**PROBLEM:** Repeat the records exactly, minus the pictures.

+++

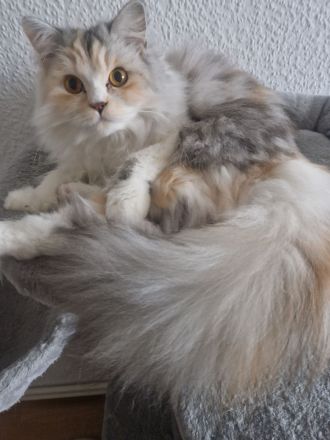 Britisch Langhaar Katze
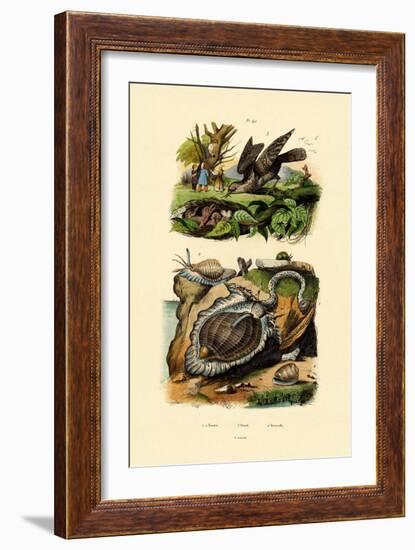 Wryneck, 1833-39-null-Framed Giclee Print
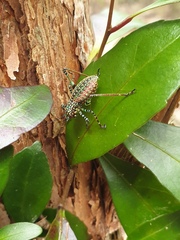 Ozphyllum naskreckii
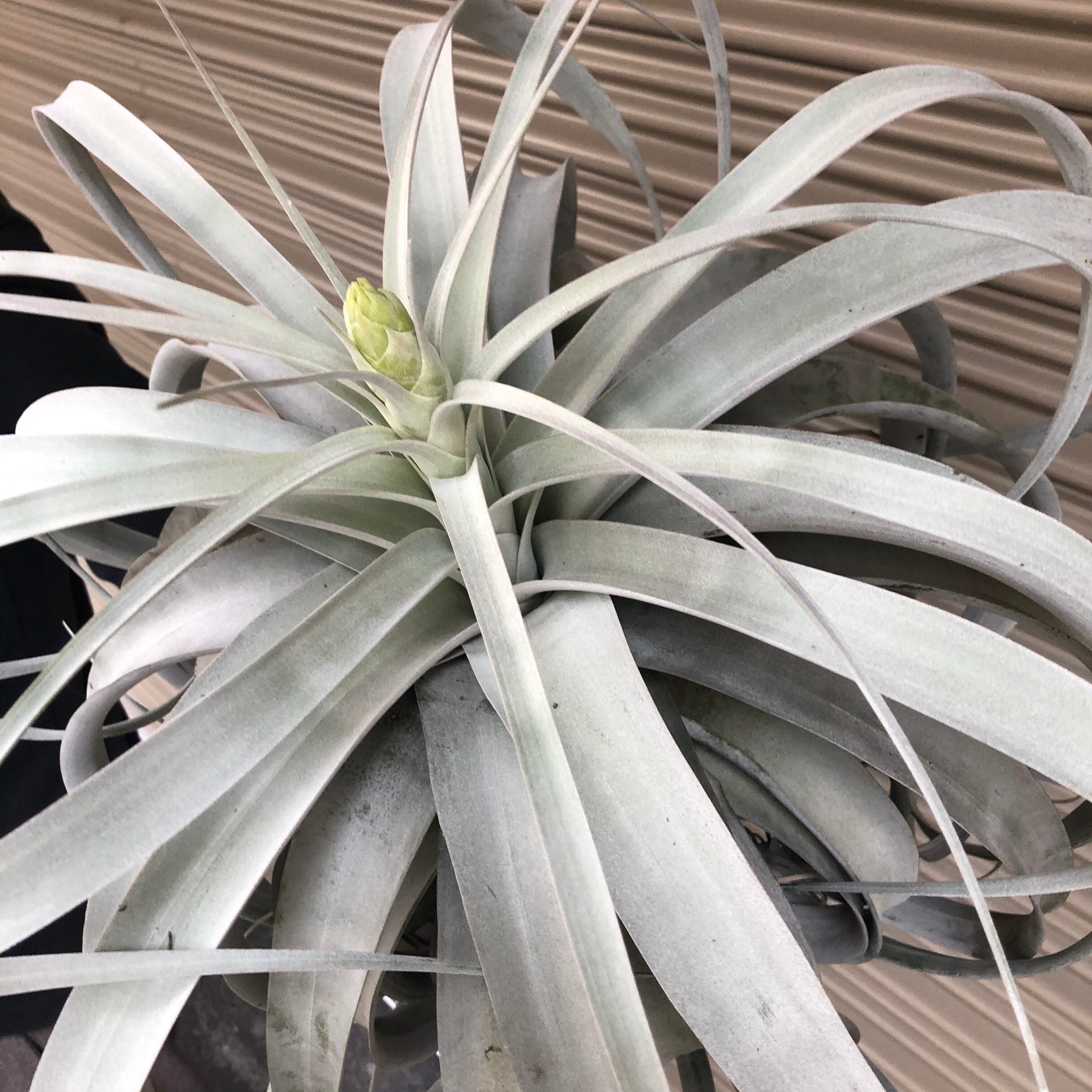 特大 チランジア キセログラフィカ 吊り エアープランツ 送料無料！チランジア キセログラフィカ特大 エアプランツ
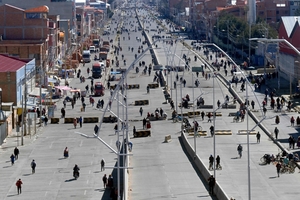 Defense minister resigns as protests rock Bolivia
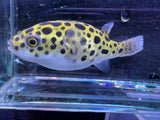 Saltwater Green Spotted puffer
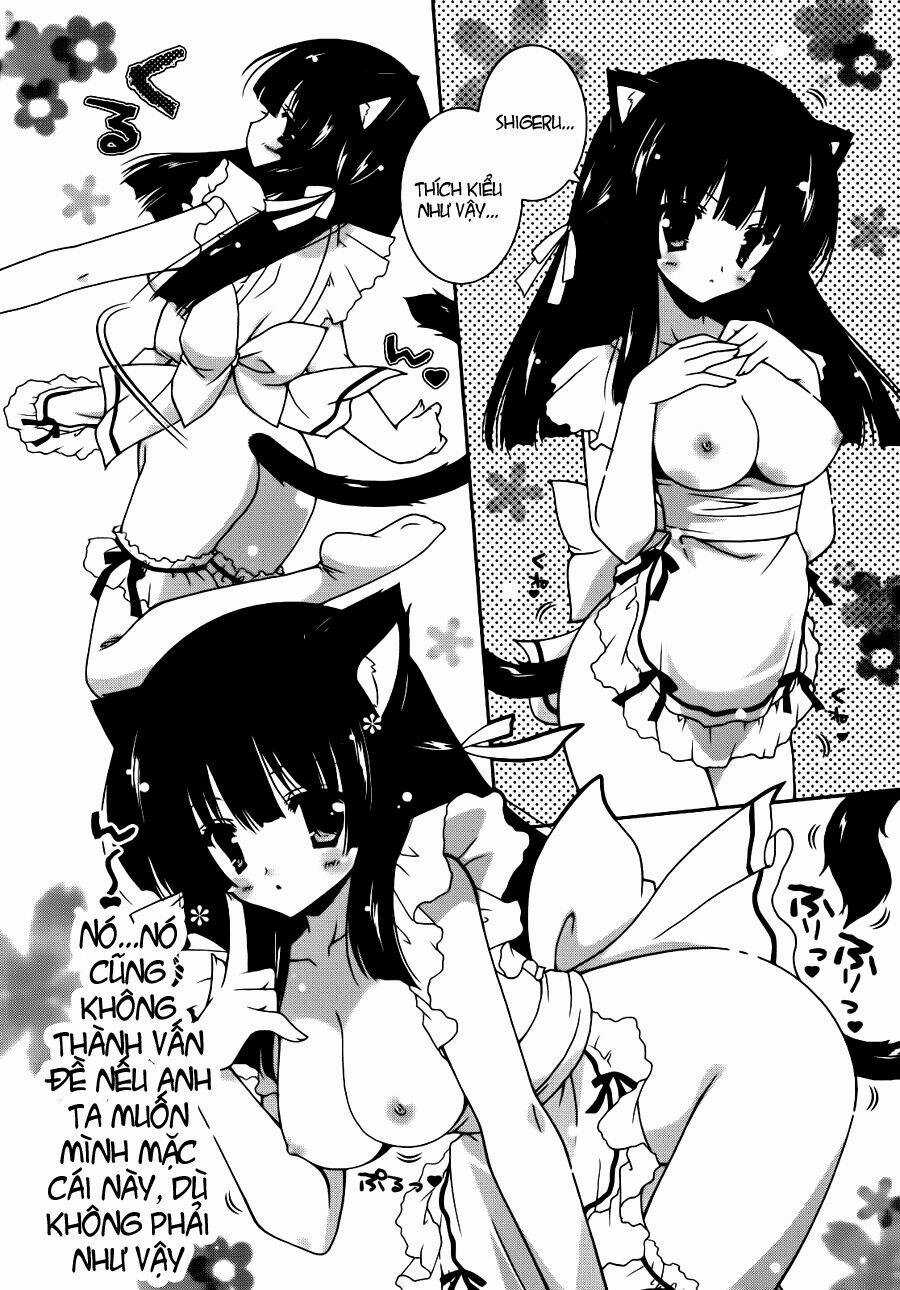 Nyatoo Chapter 3 trang 11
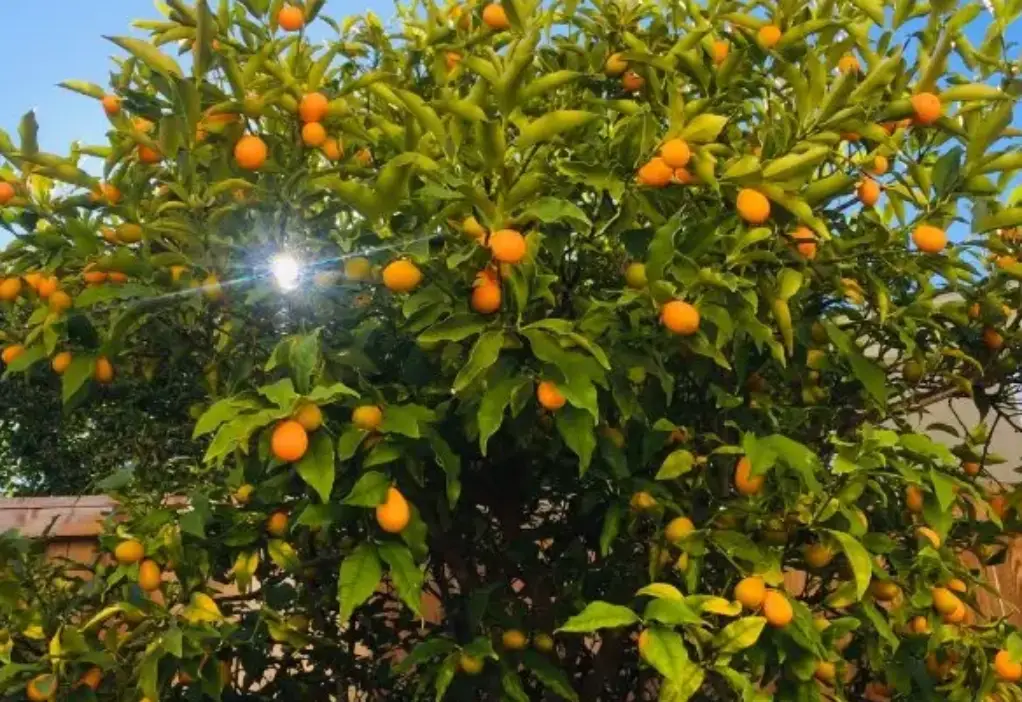 春天開花秋天結果的植物指南與人生哲學深度解析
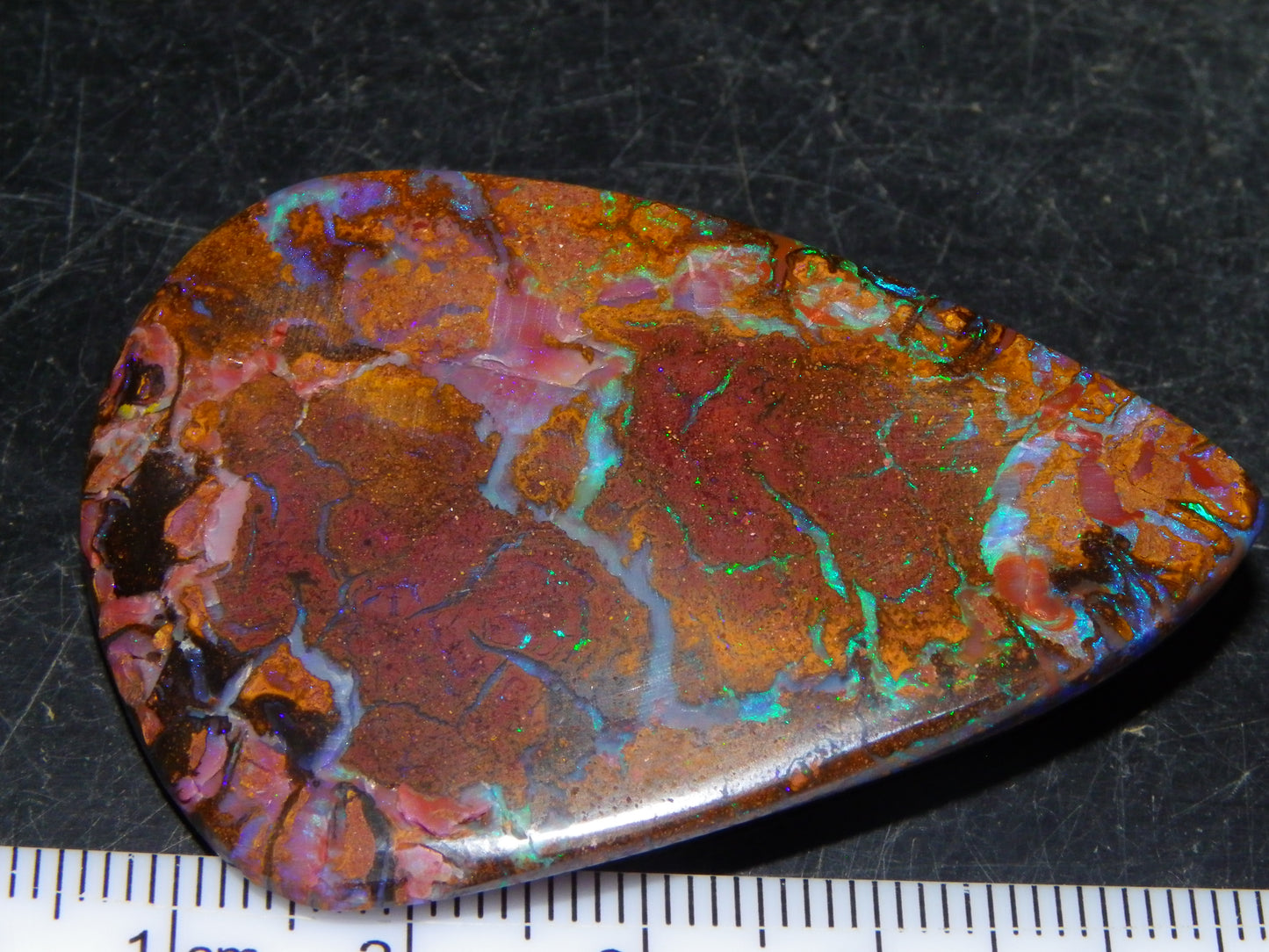 Large Koroit Opal Freeform/Cab 116.3cts Blue/Purple/Green Fires/Veins Queensland Australia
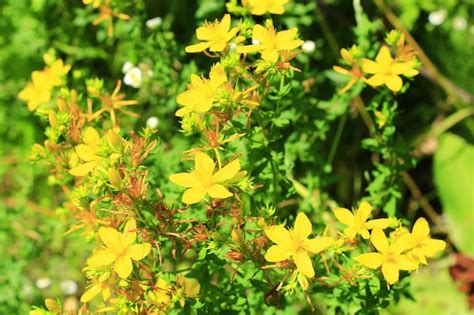 Hermosas Flores Amarillas De La Hierba M Dica De San Juan Foto Premium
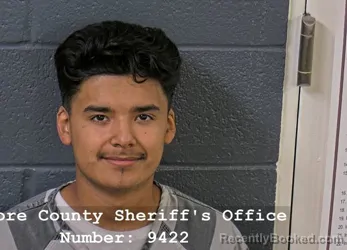 Mugshot of DOMINIC I GARZA booked in Elmore County, Idaho on July 24, 2026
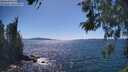 ./images/koeye/fitz-hugh/20260531/fitz-hugh20260531_153502M.jpg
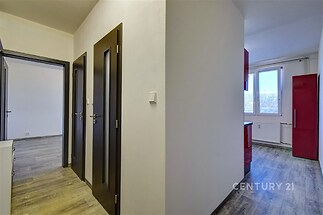 Chodba s moderními dveřmi a dřevěnou podlahou, vedoucí do kuchyně s velkými okny, světlá a čerstvě rekonstruovaná.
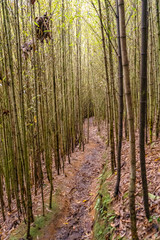 Bambu passage way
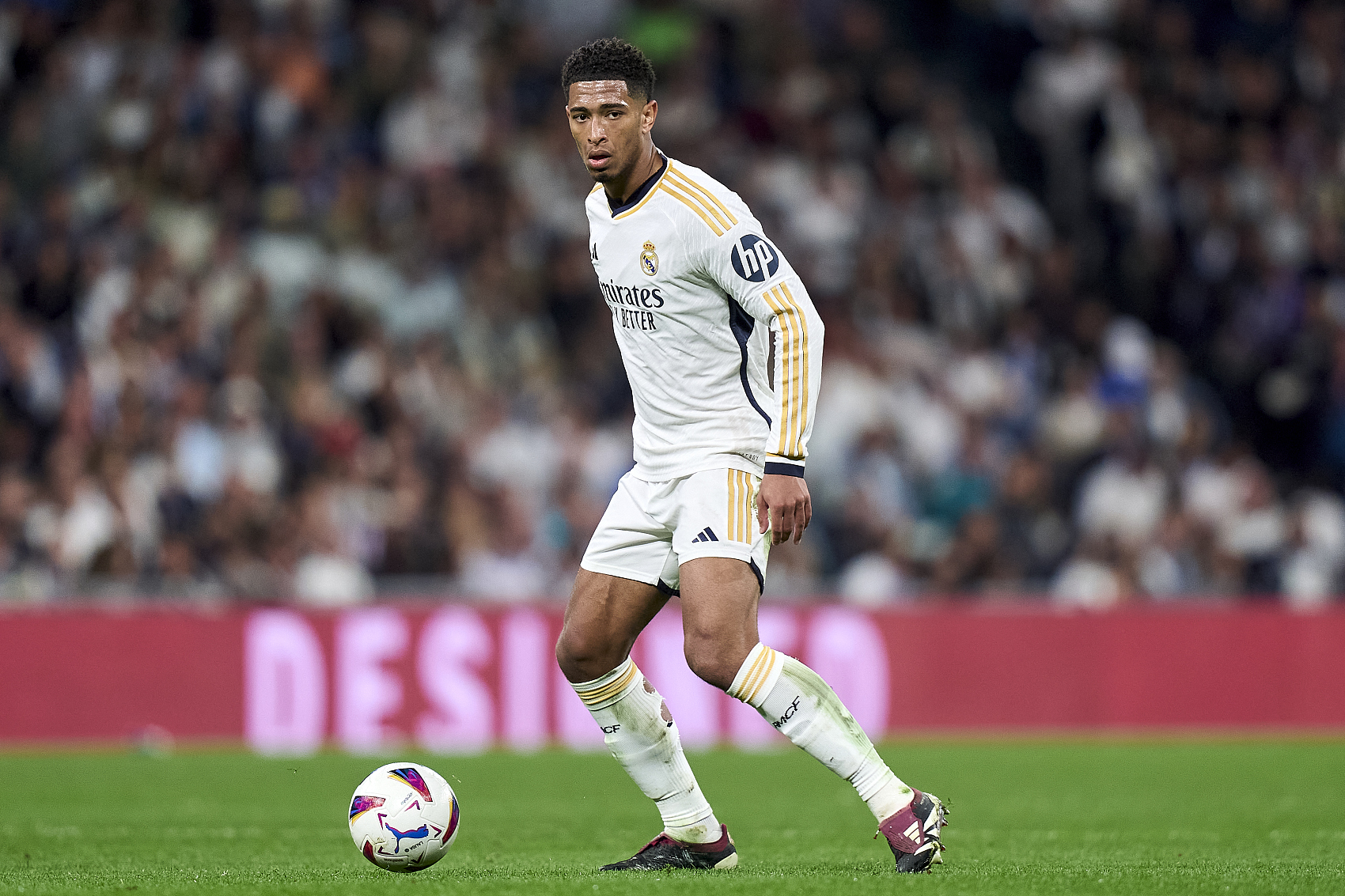 仅站稳了市 仅站稳了市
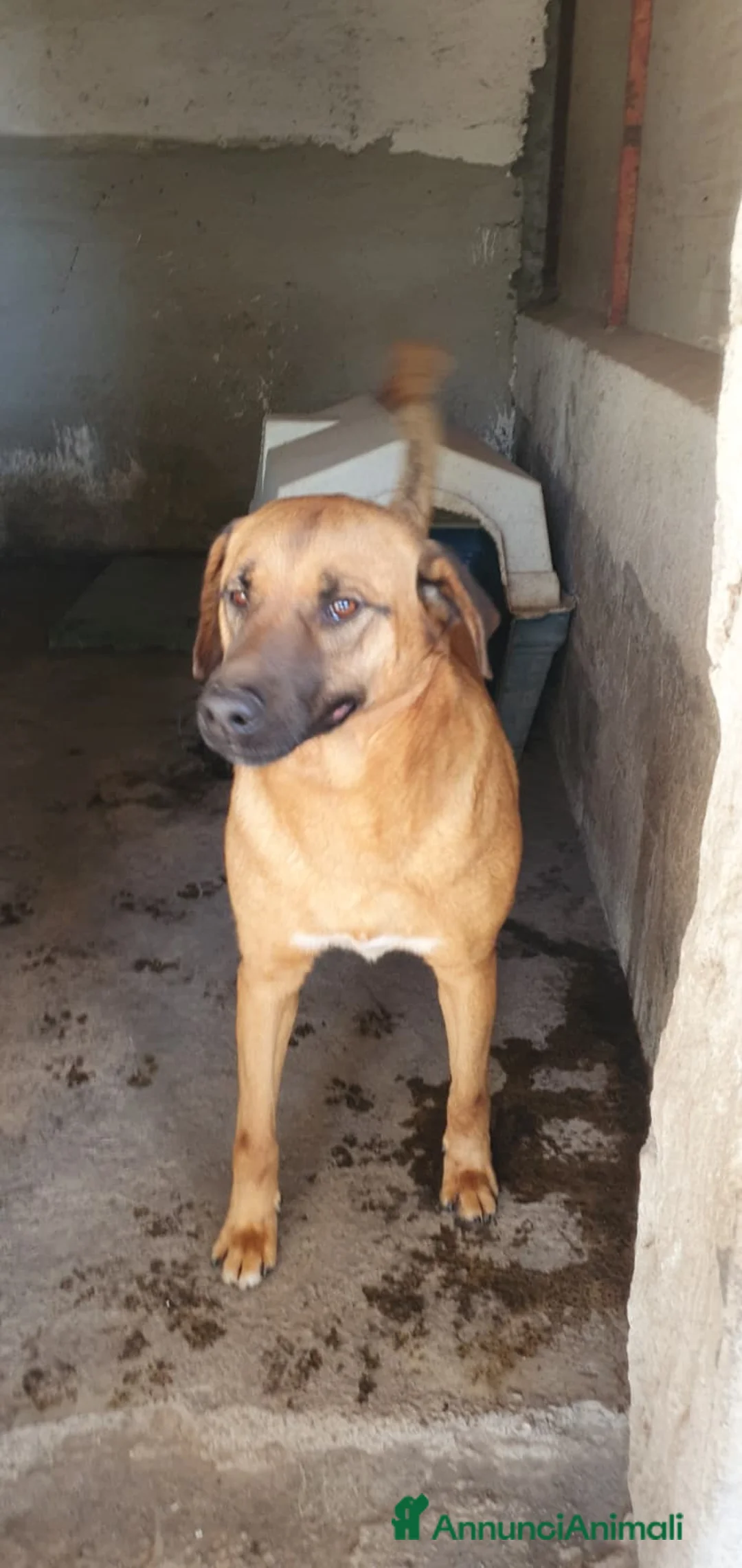 Meticcio cani in regalo: Alex in Canile - Annuncio 4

+++

**ANSWER SECTION:**
 Britisch Langhaar Katze
 Wryneck, 1833-39-null-Framed Giclee Print
 Ozphyllum naskreckii
 特大 チランジア キセログラフィカ 吊り エアープランツ 送料無料！チランジア キセログラフィカ特大 エアプランツ
 Defense minister resigns as protests rock Bolivia
 Saltwater Green Spotted puffer
 Nyatoo Chapter 3 trang 11
 春天開花秋天結果的植物指南與人生哲學深度解析
 Large Koroit Opal Freeform/Cab 116.3cts Blue/Purple/Green Fires/Veins Queensland Australia
 Hermosas Flores Amarillas De La Hierba M Dica De San Juan Foto Premium
 Mugshot of DOMINIC I GARZA booked in Elmore County, Idaho on July 24, 2026
 ./images/koeye/fitz-hugh/20260531/fitz-hugh20260531_153502M.jpg
 Chodba s moderními dveřmi a dřevěnou podlahou, vedoucí do kuchyně s velkými okny, světlá a čerstvě rekonstruovaná.
 Bambu passage way
 仅站稳了市 仅站稳了市
 Meticcio cani in regalo: Alex in Canile - Annuncio 4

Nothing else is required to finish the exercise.